No coz... czasem uzywam KDE, ale zawsze wracam do mojego poczciwego wmakera. Dlaczego? Jest:

- dziesiec razy szybszy

- estetyczniejszy

- konfiguracja jest banalna

- no po prostu, to jest 'moj wm'  :Wink: 

Windowmaker jest przedstawicielem lekkich desktopow, a tym brak z reguly pewnych cech funkcjonalnych. Wsrod nich leza dwie moje najwieksze bolaczki (do dzisiaj  :Razz: ):

a) taskbar - lubie widziec co aktualnie jest na pulpicie

b) tray - chyba tlumaczyc nikomu nie trzeba....

Po tytule mysle, ze wszyscy juz rozszyfrowali do tego momentu o co chodzi. A wiec - nowy i swiezy pypanel rozwiazuje te dwie niedoskonalosci mojego wmakera!! Nie dosc, ze tray dziala to nie ma problemow z ikonami KDE (testowane na psi oraz - juz nie kde - gdesklets). Przechodzenie miedzy pulpitami nie powoduje juz segfaultow pypanela.

Slowem - wszyscy uzywajacy ascetycznych wm'ow moga sie nacieszyc pozadna obsluga podstawowych cech nowoczesnego pulpitu!  :Smile: 

Ebuild jeszcze nie wszedl to portage, ale mozna sciagnac go chociazby stad:

http://vivid.dat.pl/ebuilds/pypanel.tar.bz2

Pozdrawiam,

Przemek

----------

## sofcik

Zaraz go przetestuję, bo ta sama rzecz mnie boli w WMach.

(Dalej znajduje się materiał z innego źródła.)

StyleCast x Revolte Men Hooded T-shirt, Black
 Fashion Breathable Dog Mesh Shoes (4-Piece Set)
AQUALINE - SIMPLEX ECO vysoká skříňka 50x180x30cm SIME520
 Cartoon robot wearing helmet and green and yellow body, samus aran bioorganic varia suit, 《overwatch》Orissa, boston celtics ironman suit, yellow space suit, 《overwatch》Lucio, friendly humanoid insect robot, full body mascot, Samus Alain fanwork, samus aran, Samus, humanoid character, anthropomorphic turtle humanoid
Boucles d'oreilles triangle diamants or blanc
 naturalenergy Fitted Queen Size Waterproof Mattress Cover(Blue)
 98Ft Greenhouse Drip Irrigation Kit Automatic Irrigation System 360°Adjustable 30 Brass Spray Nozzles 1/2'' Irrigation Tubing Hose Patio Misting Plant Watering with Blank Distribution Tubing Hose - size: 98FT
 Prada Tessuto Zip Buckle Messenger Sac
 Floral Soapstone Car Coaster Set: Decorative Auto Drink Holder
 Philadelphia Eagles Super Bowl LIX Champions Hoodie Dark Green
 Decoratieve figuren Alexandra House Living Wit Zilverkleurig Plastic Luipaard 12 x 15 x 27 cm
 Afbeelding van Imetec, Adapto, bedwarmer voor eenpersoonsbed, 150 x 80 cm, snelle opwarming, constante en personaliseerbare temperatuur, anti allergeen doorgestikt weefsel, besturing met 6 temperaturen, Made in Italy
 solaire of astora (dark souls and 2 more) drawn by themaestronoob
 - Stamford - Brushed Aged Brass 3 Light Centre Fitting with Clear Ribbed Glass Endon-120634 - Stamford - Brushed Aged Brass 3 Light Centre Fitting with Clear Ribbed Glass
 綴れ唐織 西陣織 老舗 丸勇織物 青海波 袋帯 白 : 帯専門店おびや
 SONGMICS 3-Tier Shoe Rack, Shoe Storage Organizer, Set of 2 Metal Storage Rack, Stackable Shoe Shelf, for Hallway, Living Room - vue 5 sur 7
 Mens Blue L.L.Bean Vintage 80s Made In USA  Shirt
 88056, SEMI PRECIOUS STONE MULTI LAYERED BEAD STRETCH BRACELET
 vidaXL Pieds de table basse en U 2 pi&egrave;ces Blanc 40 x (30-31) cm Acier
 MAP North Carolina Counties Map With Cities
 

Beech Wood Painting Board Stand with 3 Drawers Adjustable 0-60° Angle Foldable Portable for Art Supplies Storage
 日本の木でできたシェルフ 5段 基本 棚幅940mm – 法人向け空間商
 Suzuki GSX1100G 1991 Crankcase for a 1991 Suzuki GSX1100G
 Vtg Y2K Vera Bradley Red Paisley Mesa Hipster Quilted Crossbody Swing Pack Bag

Jak narazie przyzwyczaiłem się do xftaskbar, zobaczymy czy to się teraz zmieni  :Smile: 

EDIT: Wygląd fajny, nawet super, konfiguracja ciekawa, ala fvwm:)

Jak na chwile obecną mam tylko probloem : taskbar pojawia się tylko na jednym pupicie :/ Jutro postaram sie to rozwiązać  :Smile: 

----------

## Gogiel

A moglbys wrzucic jakiegos screen'a?

----------

## _troll_

 *Gogiel wrote:*   

> A moglbys wrzucic jakiegos screen'a?

 

moglbys, prosze:

http://trollmoors.dyndns.org/screen/screen_12.jpg

..update..

drugi screen zdjety..... chyba oszalalem...  :Smile: 

..kuniec..

pypanel to polprzezroczysty paseczek, ktory widac na dole zrzutu.

ps. jesli przegladarka bedzie krzyczec, ze link nie dziala, to trzeba poczekac az mi sie ip w dyndns.org podmieni - po jakims czasie bedzie ok.

Pozdrawiam,

Przemek

----------

## fallow

mnie sie nawet podoba . thx za ebuild  :Very Happy:   :Smile: 

ps.Troll ile juz czasu siedzisz na tych grzybkach  :Razz:   :Smile: 

(nie moglem sie powstrzymac  :Razz:   :Smile:  )

cheers.

----------

## _troll_

 *fallow wrote:*   

> ps.Troll ile juz czasu siedzisz na tych grzybkach  
> 
> (nie moglem sie powstrzymac   )
> 
> cheers.

 

nie wiem.... zdaje sie ze dwa lata.... moze kilka miesiecy wiecej. nie - wciaz mi sie nie znudzily!!! :DDD

Pozdrawiam,

Przemek

----------